(TASK ITEM) Output the lines of the records from the one containing "Punjab Police arrested" through the last, both ends included. Leave pictures out.

(Stored records)
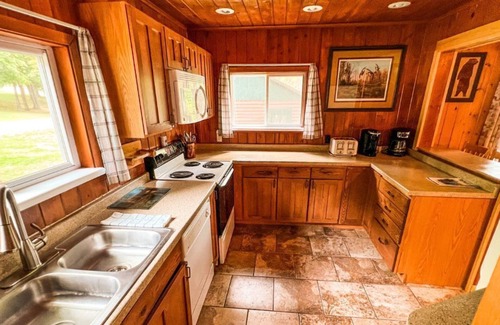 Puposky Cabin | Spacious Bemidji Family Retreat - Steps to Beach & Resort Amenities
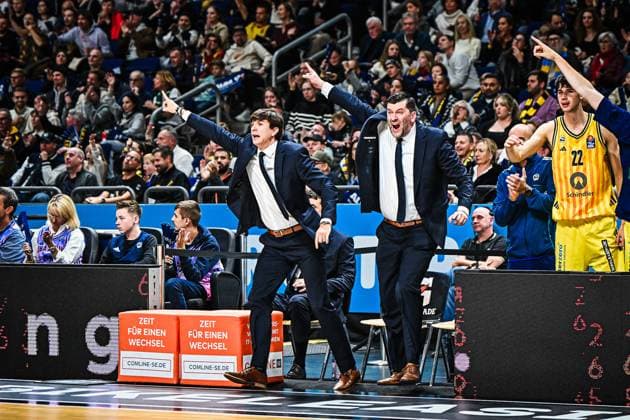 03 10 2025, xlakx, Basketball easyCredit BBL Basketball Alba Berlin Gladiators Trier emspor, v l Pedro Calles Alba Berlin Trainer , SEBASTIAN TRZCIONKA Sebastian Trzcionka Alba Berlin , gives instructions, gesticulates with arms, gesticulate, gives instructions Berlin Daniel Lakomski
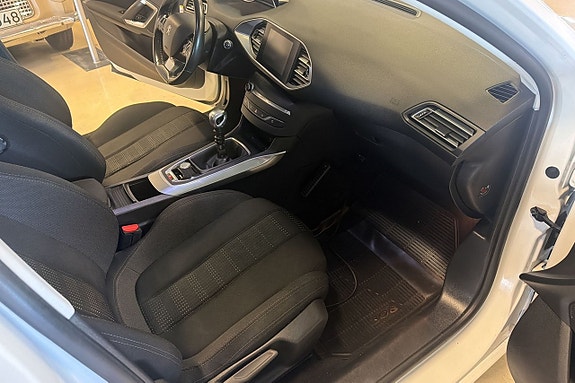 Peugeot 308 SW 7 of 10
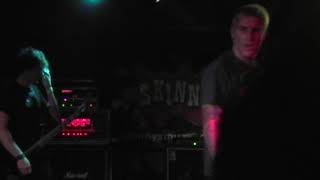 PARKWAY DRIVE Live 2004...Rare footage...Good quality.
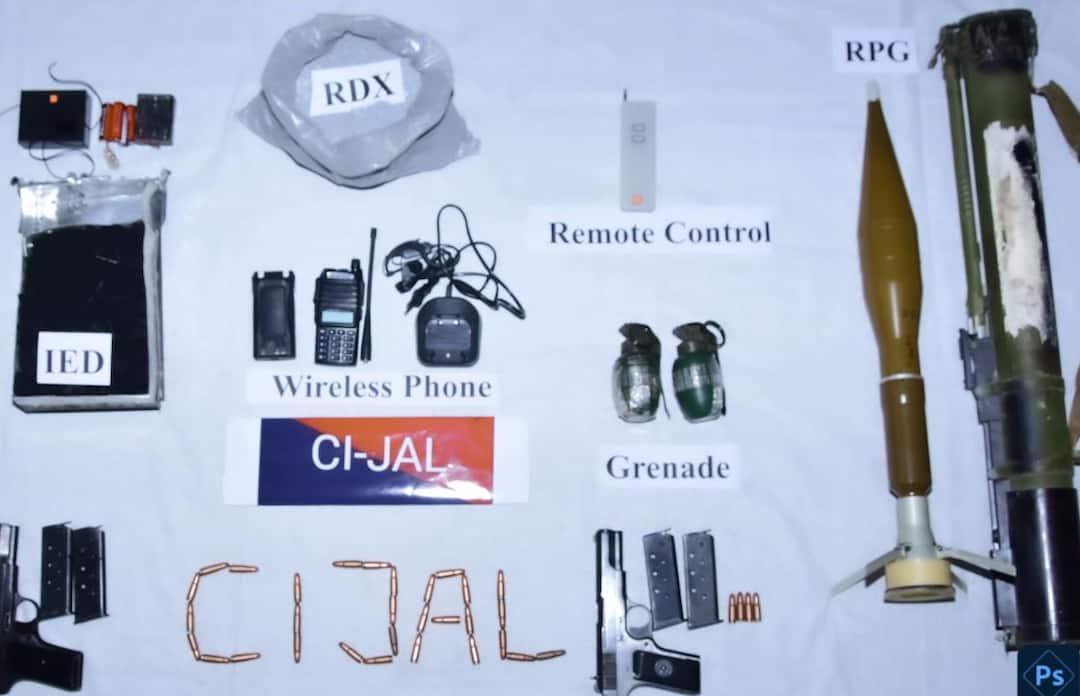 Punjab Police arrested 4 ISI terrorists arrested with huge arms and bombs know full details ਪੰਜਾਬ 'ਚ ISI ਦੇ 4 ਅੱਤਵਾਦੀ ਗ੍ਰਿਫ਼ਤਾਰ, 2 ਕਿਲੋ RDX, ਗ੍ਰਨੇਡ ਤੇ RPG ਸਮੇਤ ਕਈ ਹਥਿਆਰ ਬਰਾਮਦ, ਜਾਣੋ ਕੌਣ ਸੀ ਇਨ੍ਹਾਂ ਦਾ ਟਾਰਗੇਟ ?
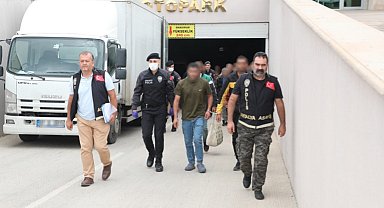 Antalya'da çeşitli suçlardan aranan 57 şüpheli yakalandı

(THE COMPLETED TASK)
 Punjab Police arrested 4 ISI terrorists arrested with huge arms and bombs know full details ਪੰਜਾਬ 'ਚ ISI ਦੇ 4 ਅੱਤਵਾਦੀ ਗ੍ਰਿਫ਼ਤਾਰ, 2 ਕਿਲੋ RDX, ਗ੍ਰਨੇਡ ਤੇ RPG ਸਮੇਤ ਕਈ ਹਥਿਆਰ ਬਰਾਮਦ, ਜਾਣੋ ਕੌਣ ਸੀ ਇਨ੍ਹਾਂ ਦਾ ਟਾਰਗੇਟ ?
 Antalya'da çeşitli suçlardan aranan 57 şüpheli yakalandı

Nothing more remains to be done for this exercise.